17 GB loaded · ~26B total / 4B active (larger gate) · first local model to achieve 5/5 exact ties
| Instance | Cities | Direct valid? | Direct gap | Orch exact? | Direct time | Orch time |
|---|---|---|---|---|---|---|
| tsp-001 | 4 | yes | exact tie | yes | 7.059s | 10.172s |
| tsp-002 | 5 | yes | exact tie | yes | 100.852s | 10.384s |
| tsp-003 | 6 | yes | exact tie | yes | 123.816s | 11.315s |
| tsp-004 | 8 | yes | exact tie | yes | 181.311s | 10.575s |
| tsp-005 | 10 | yes | exact tie | yes | 292.824s | 12.430s |
Perfect direct quality across all five Arizona fixtures — the first local model to achieve this. The cost: direct solve time scales from 7s (4 cities) to 293s (10 cities). At world-100, it dropped only 2 cities (Hanoi, Busan) — the closest any local model has come to structural validity at that scale. The orchestrated path stays flat at 10–16s regardless of instance size.

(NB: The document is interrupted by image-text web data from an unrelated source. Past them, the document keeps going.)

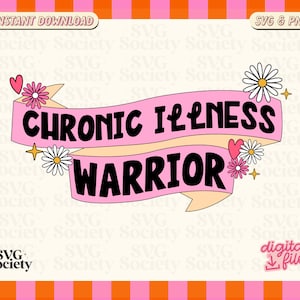 Op de afbeelding: Roze en oranje banner met de tekst "CHRONIC ILLNESS WARRIOR" in zwart. De banner is versierd met witte bloemen, sterren en harten.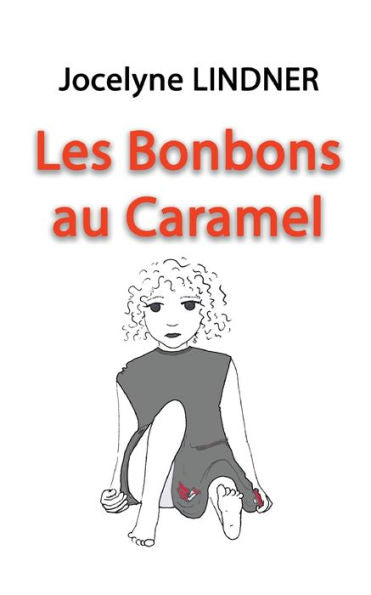 Les Bonbons Au Caramel (French Edition)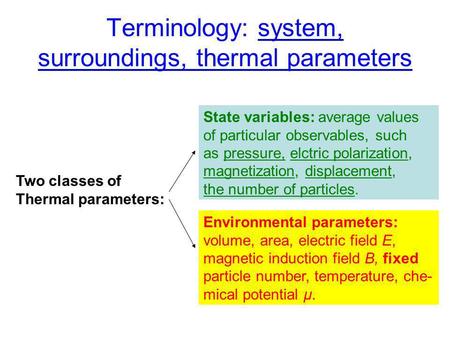 Terminology: system, surroundings, thermal parameters State variables: average values of particular observables, such as pressure, elctric polarization,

Fixture: tsp-004 · az_large · 8 cities · brute-force exact solver
| Model | Direct valid? | Direct outcome | Orch exact? | Direct time | Orch time |
|---|---|---|---|---|---|
| gemma3:27b | yes | exact tie | yes | 20.394s | 14.926s |
| qwen2.5:14b | no | duplicate-city route | yes | 28.359s | 5.852s |
| llama3.1:8b | no | missing-city route | yes | 8.998s | 3.474s |
| llama3.2:3b | no | duplicate-city route | yes | 5.918s | 1.843s |
At 8 cities, direct local-model solving already varies from exact to structurally invalid. The orchestrated path stayed exact across all tested models.

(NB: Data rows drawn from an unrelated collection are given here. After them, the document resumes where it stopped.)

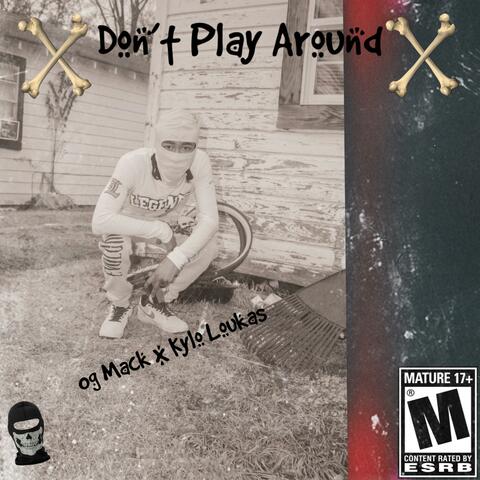 Dont Play Around (feat. Kylo Loukas)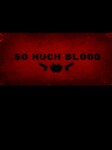 So Much Blood Steam Key GLOBAL Steam Key GLOBAL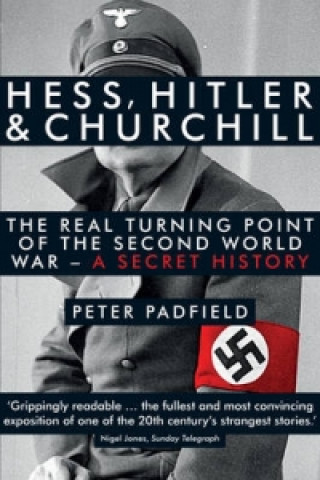Kniha Hess, Hitler and Churchill Peter Padfield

Fixture: tsp-005 · az_large · 10 cities · brute-force exact solver
| Model | Direct valid? | Direct outcome | Orch exact? | Direct time | Orch time |
|---|---|---|---|---|---|
| gemma3:27b | yes | gap 5.432581 | yes | 25.065s | 12.990s |
| qwen2.5:14b | yes | gap 18.416634 | yes | 14.665s | 8.215s |
| llama3.1:8b | yes | gap 20.846102 | yes | 9.132s | 4.806s |
| llama3.2:3b | no | duplicate Phoenix | yes | 5.636s | 3.244s |
At 10 cities, even the stronger direct models remain suboptimal. The weakest model becomes structurally invalid. The orchestrated path stayed exact across all tested models.
The stronger direct model held across every Arizona case — but still drifted from optimal on harder instances.

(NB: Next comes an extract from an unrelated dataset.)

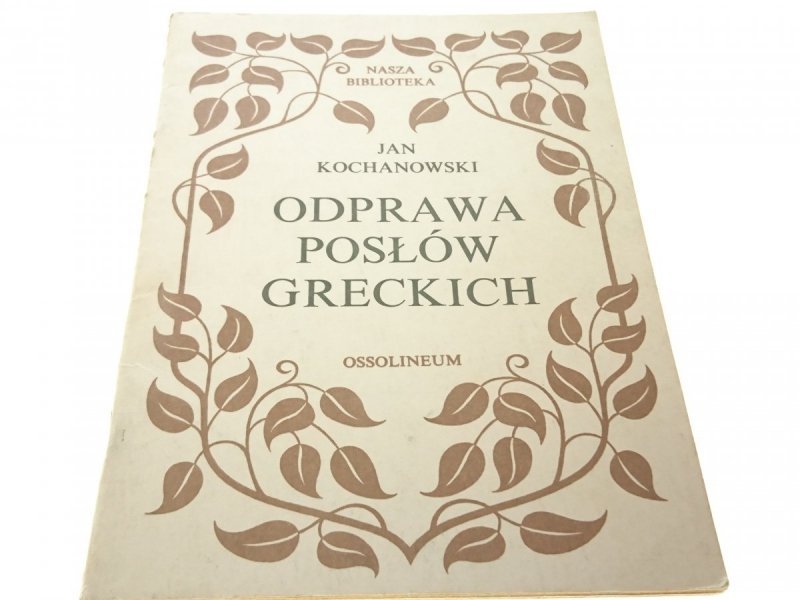 ODPRAWA POSŁÓW GRECKICH - Jan Kochanowski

| Arizona case | Instance | Cities | Direct valid? | Direct outcome | Orch exact? |
|---|---|---|---|---|---|
| Easy perimeter | tsp-001 | 4 | yes | exact tie | yes |
| Clustered | tsp-002 | 5 | yes | gap 0.724103 | yes |
| Greedy trap | tsp-003 | 6 | yes | gap 4.185364 | yes |
| Larger fixture | tsp-004 | 8 | yes | exact tie | yes |
| Larger fixture | tsp-005 | 10 | yes | gap 5.432581 | yes |
The direct path can stay structurally valid while still drifting away from optimal. The orchestrated path stayed exact across the whole fixture ladder.
The smallest tested model shows the opposite edge: structural failure begins early once the fixture becomes even slightly more demanding.
| Arizona case | Instance | Cities | Direct valid? | Direct outcome | Orch exact? |
|---|---|---|---|---|---|
| Easy perimeter | tsp-001 | 4 | yes | exact tie | yes |
| Clustered | tsp-002 | 5 | no | missing-city route | yes |
| Greedy trap | tsp-003 | 6 | no | missing-city route | yes |
| Larger fixture | tsp-004 | 8 | no | duplicate Phoenix | yes |
| Larger fixture | tsp-005 | 10 | no | duplicate Phoenix | yes |
The smallest model can still succeed on the very smallest case. The orchestrated path stayed exact across the whole fixture ladder regardless.
Strongest direct model in the Arizona slice. Still not a reliable reason to make the model the solver — even a best-case result carries workload sensitivity.
Can stay structurally valid while still drifting far from the optimal route. Structural validity and solution quality are separate concerns.
Stayed structurally valid on the 10-city slice but direct quality degraded materially as the workload grew.
Fast, but becomes structurally invalid on both fixed comparison slices. Speed advantage does not offset correctness failure.
When the model is asked to directly solve the optimization problem, quality varies materially by model and workload.
When the model is used to interpret, route, and explain around a deterministic solver, correctness stays stable.
One-sentence version: the LLM is useful — just not as the solver.